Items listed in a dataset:
•••••
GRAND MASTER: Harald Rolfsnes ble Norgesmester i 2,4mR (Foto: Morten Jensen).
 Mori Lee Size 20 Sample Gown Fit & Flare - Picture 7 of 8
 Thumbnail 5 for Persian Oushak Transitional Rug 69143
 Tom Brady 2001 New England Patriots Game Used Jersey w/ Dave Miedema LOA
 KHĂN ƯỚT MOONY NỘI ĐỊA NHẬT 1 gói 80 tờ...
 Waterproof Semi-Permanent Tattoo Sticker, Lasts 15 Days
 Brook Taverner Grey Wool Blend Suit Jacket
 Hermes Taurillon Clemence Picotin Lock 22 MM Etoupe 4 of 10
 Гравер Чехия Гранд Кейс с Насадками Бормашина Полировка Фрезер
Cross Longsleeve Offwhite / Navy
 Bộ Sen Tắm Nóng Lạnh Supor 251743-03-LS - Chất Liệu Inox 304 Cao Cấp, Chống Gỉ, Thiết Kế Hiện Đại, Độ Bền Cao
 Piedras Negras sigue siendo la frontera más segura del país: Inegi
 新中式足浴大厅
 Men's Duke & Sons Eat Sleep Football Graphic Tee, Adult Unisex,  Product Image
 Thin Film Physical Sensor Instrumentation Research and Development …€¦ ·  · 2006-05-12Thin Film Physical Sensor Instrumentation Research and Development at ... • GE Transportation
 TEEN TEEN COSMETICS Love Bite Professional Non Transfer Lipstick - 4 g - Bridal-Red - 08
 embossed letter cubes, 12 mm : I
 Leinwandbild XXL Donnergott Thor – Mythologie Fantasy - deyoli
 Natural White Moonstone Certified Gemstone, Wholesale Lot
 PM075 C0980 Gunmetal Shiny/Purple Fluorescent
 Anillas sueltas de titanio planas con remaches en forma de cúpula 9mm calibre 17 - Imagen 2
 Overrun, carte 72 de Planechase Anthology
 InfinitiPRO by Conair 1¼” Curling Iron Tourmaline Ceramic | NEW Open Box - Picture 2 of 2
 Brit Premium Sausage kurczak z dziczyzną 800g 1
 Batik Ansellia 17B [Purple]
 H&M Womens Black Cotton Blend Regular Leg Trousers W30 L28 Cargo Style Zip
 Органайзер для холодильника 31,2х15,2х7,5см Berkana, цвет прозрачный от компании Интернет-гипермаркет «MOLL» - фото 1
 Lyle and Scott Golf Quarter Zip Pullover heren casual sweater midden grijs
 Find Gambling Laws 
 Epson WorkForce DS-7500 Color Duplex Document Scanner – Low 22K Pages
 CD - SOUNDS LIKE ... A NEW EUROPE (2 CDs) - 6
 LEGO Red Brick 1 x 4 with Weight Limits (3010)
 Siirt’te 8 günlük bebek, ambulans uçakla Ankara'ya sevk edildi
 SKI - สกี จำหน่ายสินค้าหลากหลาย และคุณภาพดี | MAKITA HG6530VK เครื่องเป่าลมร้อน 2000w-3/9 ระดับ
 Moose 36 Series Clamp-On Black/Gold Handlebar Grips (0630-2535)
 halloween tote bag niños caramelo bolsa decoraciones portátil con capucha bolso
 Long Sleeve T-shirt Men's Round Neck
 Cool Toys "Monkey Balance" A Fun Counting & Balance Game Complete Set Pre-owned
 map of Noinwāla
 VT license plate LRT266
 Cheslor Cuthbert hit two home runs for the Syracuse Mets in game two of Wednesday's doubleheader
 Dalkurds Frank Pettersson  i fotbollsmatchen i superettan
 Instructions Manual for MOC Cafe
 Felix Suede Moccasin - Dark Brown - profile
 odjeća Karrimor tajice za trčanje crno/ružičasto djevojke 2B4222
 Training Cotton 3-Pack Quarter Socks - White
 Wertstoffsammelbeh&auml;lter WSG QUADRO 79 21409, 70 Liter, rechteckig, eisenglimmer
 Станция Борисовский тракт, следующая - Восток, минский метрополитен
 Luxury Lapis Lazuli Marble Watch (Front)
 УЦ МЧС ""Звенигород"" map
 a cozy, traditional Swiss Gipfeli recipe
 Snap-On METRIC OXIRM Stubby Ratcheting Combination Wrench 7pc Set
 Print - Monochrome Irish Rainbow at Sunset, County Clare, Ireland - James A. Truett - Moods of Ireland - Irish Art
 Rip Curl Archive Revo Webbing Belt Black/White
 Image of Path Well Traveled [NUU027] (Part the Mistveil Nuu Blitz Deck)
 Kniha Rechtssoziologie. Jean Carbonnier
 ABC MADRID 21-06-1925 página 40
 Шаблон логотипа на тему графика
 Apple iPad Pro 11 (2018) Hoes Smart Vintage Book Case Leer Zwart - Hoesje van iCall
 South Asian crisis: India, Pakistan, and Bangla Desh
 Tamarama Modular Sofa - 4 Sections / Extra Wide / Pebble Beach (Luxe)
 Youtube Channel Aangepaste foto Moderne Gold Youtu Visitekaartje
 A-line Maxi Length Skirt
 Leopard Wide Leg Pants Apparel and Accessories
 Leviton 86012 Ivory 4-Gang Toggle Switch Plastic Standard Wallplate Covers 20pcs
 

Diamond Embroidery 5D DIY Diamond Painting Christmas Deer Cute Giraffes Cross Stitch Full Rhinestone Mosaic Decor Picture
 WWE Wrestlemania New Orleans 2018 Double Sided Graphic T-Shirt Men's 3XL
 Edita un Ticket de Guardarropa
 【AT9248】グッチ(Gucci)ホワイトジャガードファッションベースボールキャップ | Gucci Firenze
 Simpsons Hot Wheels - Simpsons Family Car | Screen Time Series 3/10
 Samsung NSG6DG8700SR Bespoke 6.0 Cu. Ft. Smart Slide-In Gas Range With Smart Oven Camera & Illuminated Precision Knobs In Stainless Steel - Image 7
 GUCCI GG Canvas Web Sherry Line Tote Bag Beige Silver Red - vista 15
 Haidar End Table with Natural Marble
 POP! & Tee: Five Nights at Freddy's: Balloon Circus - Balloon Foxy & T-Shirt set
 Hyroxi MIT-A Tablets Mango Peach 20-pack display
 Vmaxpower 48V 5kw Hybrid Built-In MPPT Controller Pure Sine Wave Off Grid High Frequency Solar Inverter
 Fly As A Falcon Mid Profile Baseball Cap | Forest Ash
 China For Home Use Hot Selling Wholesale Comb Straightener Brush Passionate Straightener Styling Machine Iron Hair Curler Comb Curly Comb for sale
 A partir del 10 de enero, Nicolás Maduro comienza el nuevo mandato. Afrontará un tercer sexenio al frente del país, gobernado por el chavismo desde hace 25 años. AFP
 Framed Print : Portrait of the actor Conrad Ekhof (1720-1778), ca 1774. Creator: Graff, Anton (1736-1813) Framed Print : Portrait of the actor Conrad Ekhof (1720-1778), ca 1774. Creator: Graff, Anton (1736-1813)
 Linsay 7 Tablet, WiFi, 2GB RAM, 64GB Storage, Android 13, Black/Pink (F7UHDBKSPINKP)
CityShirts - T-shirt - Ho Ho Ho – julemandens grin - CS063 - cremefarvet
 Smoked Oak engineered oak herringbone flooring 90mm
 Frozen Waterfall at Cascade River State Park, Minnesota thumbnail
•••••
→ What the exercise asks: Read through the entries above and copy each line that has the string "país" in it.

→ Written answer:
 Piedras Negras sigue siendo la frontera más segura del país: Inegi
 A partir del 10 de enero, Nicolás Maduro comienza el nuevo mandato. Afrontará un tercer sexenio al frente del país, gobernado por el chavismo desde hace 25 años. AFP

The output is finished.